What you have to do:
Keep the lines exact and the pictures out as you repeat the following listing.

Data block:
____________________

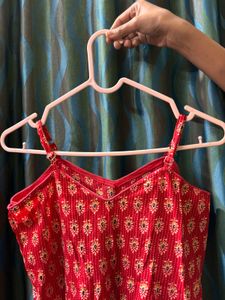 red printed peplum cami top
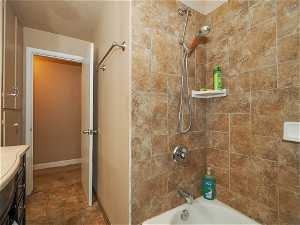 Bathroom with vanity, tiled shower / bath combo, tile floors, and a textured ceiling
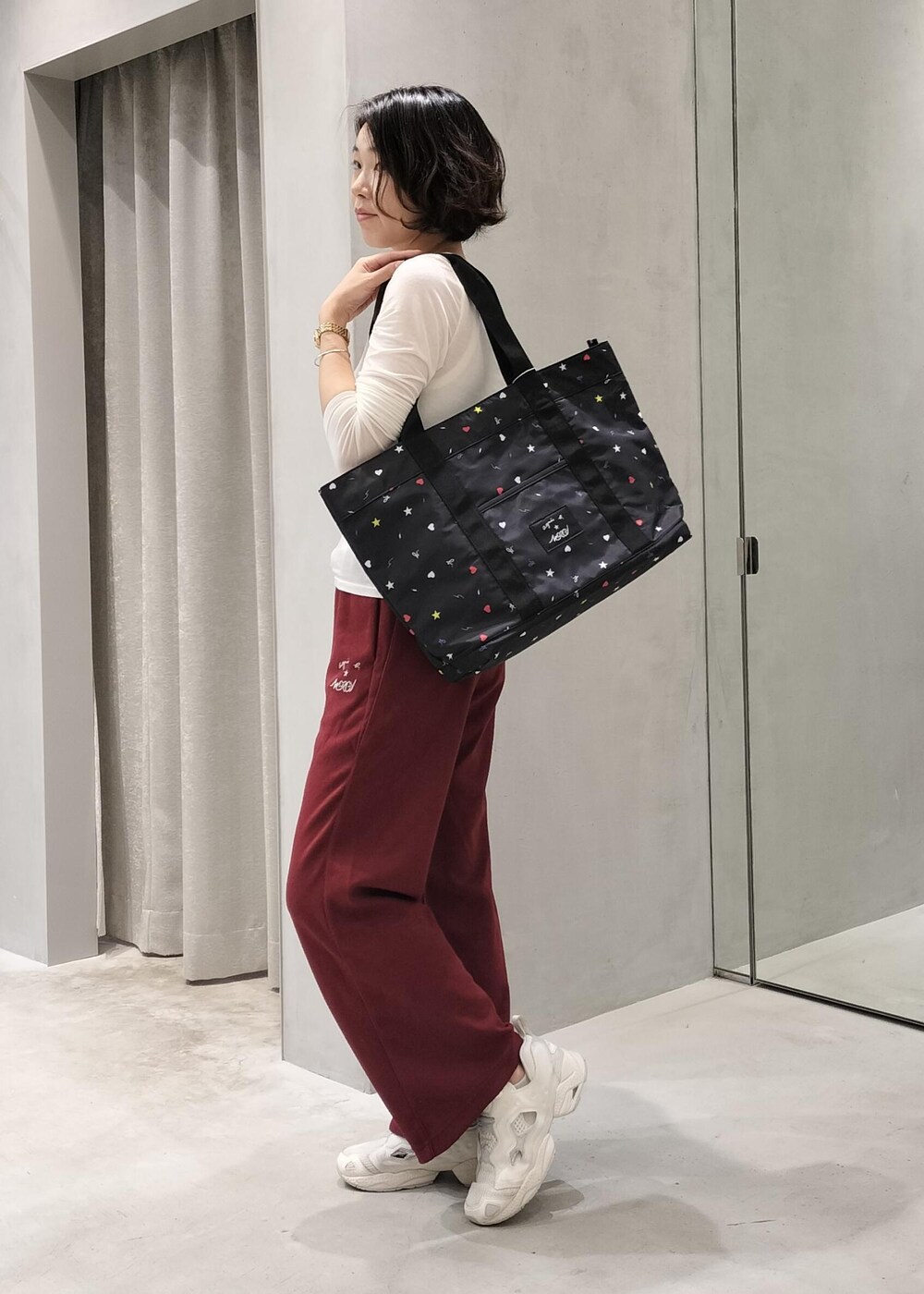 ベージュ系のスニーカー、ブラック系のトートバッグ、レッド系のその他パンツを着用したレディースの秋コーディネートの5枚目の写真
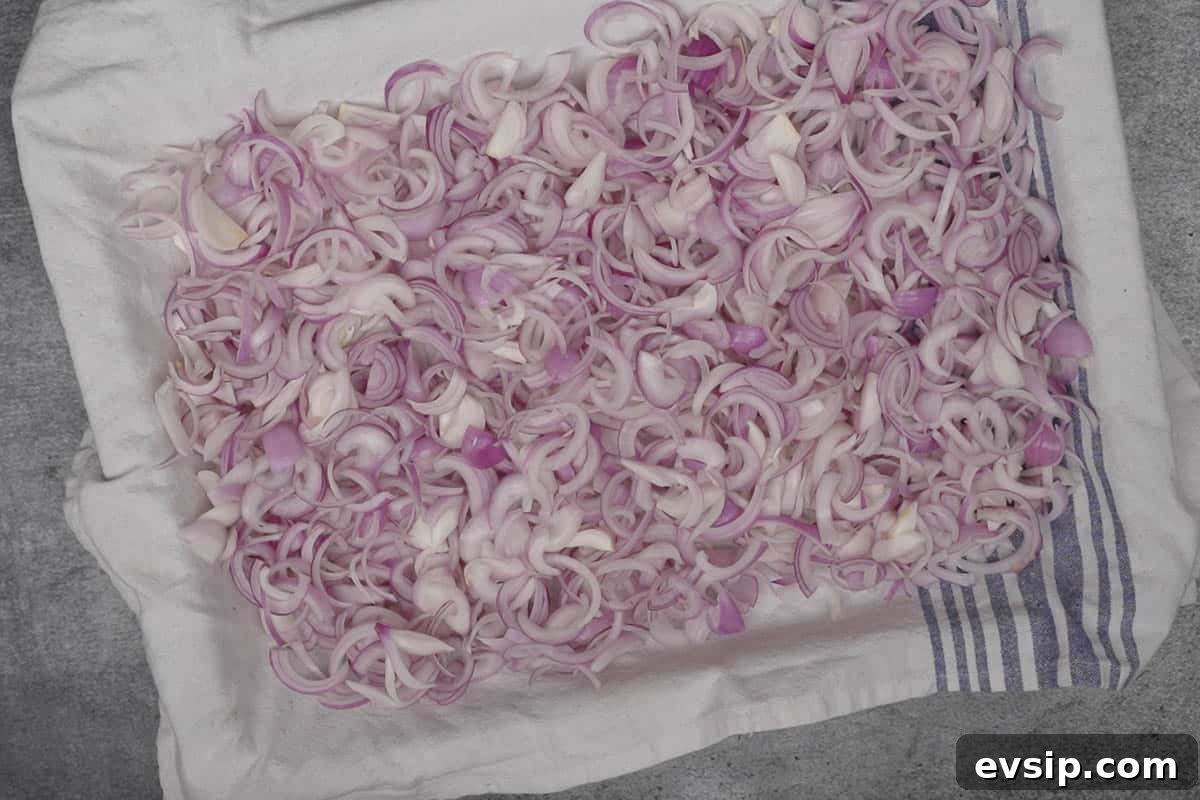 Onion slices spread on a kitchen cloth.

____________________

Result below:
 red printed peplum cami top
 Bathroom with vanity, tiled shower / bath combo, tile floors, and a textured ceiling
 ベージュ系のスニーカー、ブラック系のトートバッグ、レッド系のその他パンツを着用したレディースの秋コーディネートの5枚目の写真
 Onion slices spread on a kitchen cloth.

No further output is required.